Petit bougonnement du mercredi matin

L’Oreille tendue lit et édite des livres; c’est son travail. Elle est souvent étonnée du provincialisme de certains auteurs, qui n’écrivent que pour leurs voisins, leurs contemporains, voire leurs proches.

Exemples.

Un auteur québécois qui parle de l’UQAM ou de la STM, sans imaginer qu’il y ait des lecteurs sur la planète qui ne connaissent ni l’Université du Québec à Montréal ni la Société de transport de Montréal.

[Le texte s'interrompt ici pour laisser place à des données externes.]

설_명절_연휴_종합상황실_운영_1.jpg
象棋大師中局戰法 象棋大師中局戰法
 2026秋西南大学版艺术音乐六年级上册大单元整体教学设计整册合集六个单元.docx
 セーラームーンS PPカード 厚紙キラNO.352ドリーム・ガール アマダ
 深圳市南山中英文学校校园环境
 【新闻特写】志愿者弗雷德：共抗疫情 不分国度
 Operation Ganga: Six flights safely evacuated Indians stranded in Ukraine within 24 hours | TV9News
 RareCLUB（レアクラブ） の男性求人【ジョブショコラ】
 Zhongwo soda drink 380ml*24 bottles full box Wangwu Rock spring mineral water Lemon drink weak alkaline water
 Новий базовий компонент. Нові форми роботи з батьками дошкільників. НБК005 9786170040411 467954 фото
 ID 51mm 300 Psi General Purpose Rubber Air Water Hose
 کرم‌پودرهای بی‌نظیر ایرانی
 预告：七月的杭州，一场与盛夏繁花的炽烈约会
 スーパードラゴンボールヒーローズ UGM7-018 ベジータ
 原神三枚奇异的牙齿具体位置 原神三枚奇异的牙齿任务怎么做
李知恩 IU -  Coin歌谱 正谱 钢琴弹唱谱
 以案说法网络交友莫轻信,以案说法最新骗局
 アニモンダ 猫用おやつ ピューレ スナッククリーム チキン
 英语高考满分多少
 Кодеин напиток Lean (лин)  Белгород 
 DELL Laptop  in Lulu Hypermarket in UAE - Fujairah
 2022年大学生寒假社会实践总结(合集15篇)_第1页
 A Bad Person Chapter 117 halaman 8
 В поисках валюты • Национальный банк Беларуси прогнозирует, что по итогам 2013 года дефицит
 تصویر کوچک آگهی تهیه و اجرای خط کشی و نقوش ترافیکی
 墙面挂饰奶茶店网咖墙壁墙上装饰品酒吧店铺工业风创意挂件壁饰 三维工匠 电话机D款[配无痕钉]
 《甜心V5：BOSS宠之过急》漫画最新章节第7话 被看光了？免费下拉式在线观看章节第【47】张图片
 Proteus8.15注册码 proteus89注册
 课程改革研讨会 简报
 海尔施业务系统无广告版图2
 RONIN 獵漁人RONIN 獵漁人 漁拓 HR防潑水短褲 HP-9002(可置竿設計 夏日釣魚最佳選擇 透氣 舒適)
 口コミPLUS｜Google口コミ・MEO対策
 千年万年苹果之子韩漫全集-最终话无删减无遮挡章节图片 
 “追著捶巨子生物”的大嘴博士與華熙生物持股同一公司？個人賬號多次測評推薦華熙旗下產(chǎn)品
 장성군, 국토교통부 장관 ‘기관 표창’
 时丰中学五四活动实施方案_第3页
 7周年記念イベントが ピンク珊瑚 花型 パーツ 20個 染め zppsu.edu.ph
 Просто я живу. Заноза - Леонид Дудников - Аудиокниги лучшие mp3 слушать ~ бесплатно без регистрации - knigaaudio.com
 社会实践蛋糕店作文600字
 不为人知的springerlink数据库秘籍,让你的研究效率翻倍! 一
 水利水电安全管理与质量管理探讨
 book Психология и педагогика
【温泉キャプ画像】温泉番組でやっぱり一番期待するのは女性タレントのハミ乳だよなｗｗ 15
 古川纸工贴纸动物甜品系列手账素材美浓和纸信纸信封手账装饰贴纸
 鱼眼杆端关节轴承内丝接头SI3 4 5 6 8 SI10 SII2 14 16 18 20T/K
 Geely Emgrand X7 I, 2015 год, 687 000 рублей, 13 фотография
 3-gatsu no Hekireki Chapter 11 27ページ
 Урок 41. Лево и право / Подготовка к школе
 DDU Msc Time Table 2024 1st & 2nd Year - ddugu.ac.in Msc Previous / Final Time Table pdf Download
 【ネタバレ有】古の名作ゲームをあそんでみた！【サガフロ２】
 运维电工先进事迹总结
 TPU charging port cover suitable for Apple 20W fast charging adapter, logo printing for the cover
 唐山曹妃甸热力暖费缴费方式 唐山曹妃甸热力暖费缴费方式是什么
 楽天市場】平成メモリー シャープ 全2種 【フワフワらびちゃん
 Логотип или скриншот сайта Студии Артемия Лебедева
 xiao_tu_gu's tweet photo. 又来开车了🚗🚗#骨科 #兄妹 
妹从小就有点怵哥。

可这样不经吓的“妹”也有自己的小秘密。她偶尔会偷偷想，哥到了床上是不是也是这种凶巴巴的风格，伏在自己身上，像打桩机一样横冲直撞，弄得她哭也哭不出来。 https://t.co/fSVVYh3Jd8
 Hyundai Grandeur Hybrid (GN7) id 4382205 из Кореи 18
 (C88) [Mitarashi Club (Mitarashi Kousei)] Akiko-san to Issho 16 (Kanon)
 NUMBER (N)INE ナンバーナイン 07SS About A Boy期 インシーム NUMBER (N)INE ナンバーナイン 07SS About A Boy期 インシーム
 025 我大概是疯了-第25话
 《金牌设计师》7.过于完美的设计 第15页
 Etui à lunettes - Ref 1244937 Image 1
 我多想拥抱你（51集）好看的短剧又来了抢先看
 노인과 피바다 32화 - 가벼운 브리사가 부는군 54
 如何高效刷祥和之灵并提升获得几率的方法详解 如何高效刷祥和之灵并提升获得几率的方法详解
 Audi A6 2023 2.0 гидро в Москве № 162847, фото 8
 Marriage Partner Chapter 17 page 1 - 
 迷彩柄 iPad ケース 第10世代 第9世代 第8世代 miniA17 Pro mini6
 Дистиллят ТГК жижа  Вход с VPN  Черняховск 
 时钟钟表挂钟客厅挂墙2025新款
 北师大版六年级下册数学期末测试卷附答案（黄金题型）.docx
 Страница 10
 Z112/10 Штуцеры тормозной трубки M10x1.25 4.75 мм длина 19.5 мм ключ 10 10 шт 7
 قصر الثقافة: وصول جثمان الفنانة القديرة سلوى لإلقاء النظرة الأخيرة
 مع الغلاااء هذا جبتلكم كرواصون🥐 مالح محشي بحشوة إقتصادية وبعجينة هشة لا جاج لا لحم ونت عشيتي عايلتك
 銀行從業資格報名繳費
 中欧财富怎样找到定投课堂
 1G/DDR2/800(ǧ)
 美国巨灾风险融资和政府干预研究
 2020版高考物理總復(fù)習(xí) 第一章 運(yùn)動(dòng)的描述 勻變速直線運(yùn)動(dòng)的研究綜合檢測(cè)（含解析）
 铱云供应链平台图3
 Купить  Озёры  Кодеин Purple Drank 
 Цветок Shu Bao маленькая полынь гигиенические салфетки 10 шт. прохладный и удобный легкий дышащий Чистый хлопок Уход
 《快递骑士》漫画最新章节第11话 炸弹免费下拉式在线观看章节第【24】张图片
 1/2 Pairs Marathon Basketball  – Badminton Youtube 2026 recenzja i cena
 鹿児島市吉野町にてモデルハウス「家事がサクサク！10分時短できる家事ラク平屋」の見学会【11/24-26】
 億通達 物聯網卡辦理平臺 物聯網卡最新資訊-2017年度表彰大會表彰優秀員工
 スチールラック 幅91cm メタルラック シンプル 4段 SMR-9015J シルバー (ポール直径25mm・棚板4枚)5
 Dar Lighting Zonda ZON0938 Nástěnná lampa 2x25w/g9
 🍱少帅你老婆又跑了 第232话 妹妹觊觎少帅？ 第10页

Un auteur français qui parle du scandale du sang contaminé, du procès d’Outreau ou de l’affaire du Sofitel, ou qui fait une allusion à Cloclo et à Johnny, sans la moindre explication, comme si la connaissance de ces événements et de ces personnes était la chose du monde la mieux partagée.

Ça vous embêterait de penser à vos lecteurs, actuels et futurs ? Vous êtes capables de faire la différence entre un article de journal et son obsolescence programmée, et un livre et sa pérennité ?

(Merci. Ça va mieux.)

CC BY-NC 4.0 Cette œuvre est sous Licence Creative Commons Internationale Attribution-Pas d'Utilisation Commerciale 4.0.

Auteur : Benoît Melançon

Professeur, chercheur, blogueur, éditeur, essayiste, bibliographe, chroniqueur radiophonique épisodique, conférencier. Préfère Jackie Robinson à Maurice Richard.

2 thoughts on “Petit bougonnement du mercredi matin”

  1. Bonjour,

    Les références culturelles permettent de s’immerger dans un monde particulier, à une époque particulière. Expliciter les références n’aboutirait, selon moi, qu’à un texte teinté d’encyclopédisme assez malvenu, qui n’aurait pour seul effet que de nous extraire de notre lecture. N’est-ce pas au lecteur à chercher ensuite par lui-même à comprendre les références (si et seulement s’il le souhaite) ?

    Merci beaucoup de m’avoir lue,

    EdE, étudiante.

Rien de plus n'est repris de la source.